In 1956, Styron published a novella called The Long March, inspired by his second Marine tour. He produced his next novel, Set This House on Fire, in 1960, which many readers found disappointing. In 1967, Styron faced controversy when he published The Confessions of Nat Turner, based on the real-life experiences of a slave who rebelled. Despite this upset, the book won a Pulitzer Prize the following year.

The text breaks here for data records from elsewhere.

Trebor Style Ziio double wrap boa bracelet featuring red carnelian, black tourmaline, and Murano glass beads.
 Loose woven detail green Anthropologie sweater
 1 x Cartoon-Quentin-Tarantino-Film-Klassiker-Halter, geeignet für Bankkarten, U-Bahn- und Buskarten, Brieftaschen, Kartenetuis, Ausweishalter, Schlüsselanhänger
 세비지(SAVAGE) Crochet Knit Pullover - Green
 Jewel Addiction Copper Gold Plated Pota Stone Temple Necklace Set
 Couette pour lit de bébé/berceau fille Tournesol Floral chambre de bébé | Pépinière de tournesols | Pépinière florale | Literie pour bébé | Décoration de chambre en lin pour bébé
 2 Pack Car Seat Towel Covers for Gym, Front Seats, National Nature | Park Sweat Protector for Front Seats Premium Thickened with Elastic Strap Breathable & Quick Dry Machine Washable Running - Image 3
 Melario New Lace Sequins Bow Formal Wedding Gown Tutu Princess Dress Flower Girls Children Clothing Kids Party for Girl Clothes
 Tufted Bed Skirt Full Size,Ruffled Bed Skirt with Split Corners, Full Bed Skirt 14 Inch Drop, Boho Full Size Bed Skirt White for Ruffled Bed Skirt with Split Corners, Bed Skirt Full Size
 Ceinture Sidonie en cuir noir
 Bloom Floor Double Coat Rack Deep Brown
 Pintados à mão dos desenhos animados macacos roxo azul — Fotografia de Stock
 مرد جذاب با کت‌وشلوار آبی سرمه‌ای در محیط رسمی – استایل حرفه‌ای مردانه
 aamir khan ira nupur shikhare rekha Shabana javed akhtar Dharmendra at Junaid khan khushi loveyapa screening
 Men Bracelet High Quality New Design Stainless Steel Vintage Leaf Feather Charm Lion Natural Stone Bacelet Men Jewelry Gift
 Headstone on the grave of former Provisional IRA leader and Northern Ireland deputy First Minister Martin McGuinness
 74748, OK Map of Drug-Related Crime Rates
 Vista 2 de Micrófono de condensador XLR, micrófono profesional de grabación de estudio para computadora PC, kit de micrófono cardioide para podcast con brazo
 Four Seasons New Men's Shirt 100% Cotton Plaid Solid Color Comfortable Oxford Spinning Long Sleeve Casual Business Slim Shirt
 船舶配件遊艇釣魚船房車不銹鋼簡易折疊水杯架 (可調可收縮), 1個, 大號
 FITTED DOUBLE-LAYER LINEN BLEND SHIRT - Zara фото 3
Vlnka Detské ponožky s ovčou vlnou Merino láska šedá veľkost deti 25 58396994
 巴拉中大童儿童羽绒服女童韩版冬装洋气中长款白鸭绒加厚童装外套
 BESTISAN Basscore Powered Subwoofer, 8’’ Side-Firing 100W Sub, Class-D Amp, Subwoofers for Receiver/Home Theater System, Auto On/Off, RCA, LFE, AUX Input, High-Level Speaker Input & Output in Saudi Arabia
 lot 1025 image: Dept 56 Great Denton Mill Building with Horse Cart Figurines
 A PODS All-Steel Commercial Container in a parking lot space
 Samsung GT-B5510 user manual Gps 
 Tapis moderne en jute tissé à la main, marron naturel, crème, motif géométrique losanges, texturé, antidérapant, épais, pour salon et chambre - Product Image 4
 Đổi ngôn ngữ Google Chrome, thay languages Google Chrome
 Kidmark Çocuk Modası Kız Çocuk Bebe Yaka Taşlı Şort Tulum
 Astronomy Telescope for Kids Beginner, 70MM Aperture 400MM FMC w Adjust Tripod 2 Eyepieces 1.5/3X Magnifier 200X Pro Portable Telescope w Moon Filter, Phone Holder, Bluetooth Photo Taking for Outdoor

Styron encountered similar mixed responses from his readers when he published a book about a Holocaust survivor in 1979, Sophie's Choice. The book was made into an Academy Award-winning film starring Meryl Streep in 1982. The same year that the film was released, Styron published This Quiet Dust and Other Writings, a collection of his best non-fiction works. He also began a novel called The Way of the Warrior during the 1980s, but struggled to complete it.

Later Work and Death

Styron continued to write throughout the 1990s. His work during that decade included Darkness Visible: a Memoir of Madness and the short-story trilogy A Tidewater Morning: Three Tales from Youth.

In 2002, Styron approved Nicholas Maw's operatic version of his novel Sophie's Choice. Maw invited Styron to write the opera's libretto, but Styron declined.

William Styron died of pneumonia on November 1, 2006, on Martha's Vineyard, Massachusetts.